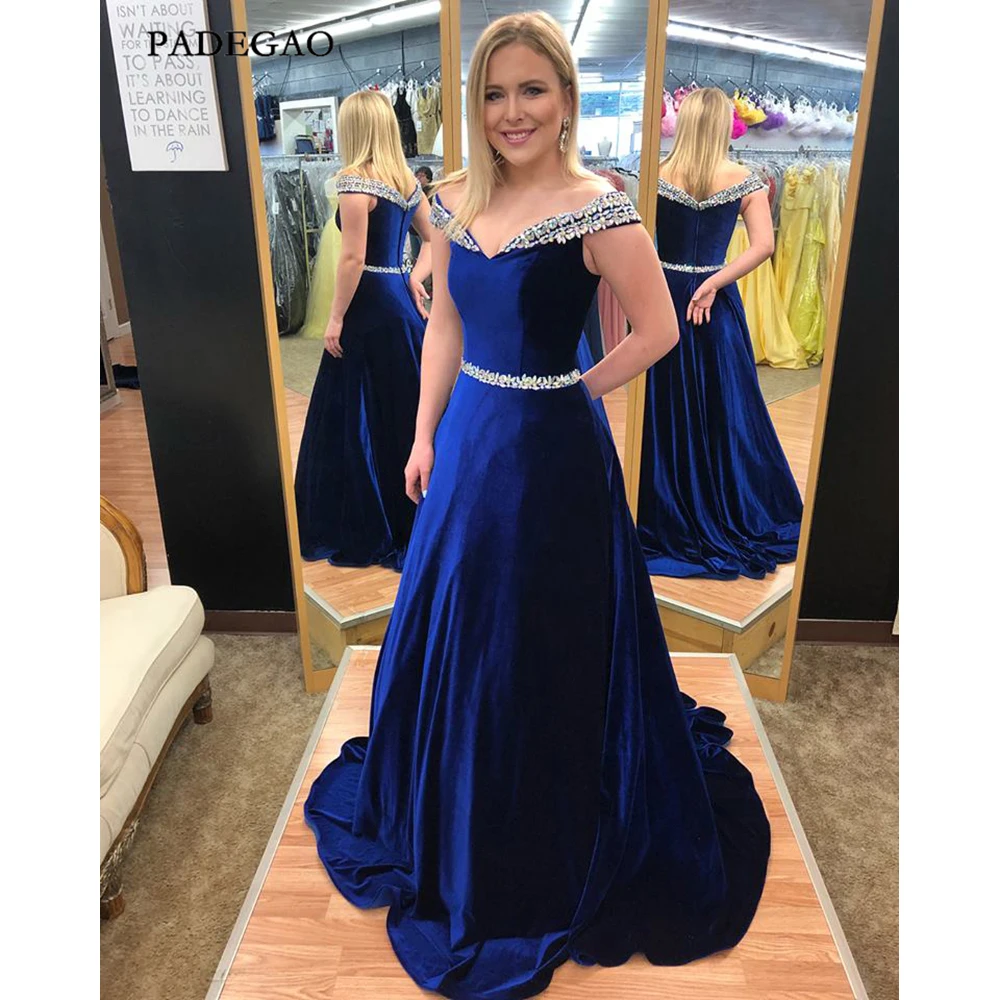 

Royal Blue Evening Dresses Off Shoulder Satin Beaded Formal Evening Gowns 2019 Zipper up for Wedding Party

==

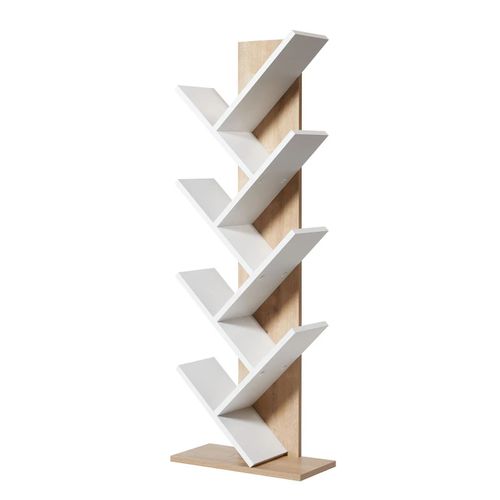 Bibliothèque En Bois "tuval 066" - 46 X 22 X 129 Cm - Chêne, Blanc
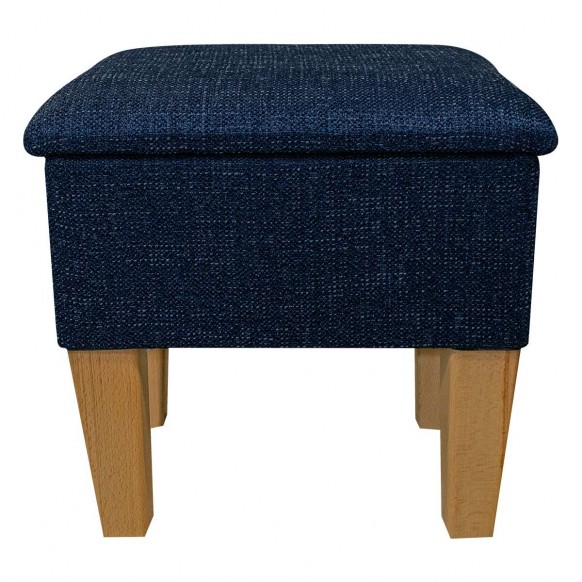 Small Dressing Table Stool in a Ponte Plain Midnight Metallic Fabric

* _EXERCISE BRIEF_
Word for word, restate the lines above from the one with "Bibliothèque En Bois" through the one with "Small Dressing Table", keeping both ends and dropping the pictures.

* _EXERCISE SOLUTION_
 Bibliothèque En Bois "tuval 066" - 46 X 22 X 129 Cm - Chêne, Blanc
 Small Dressing Table Stool in a Ponte Plain Midnight Metallic Fabric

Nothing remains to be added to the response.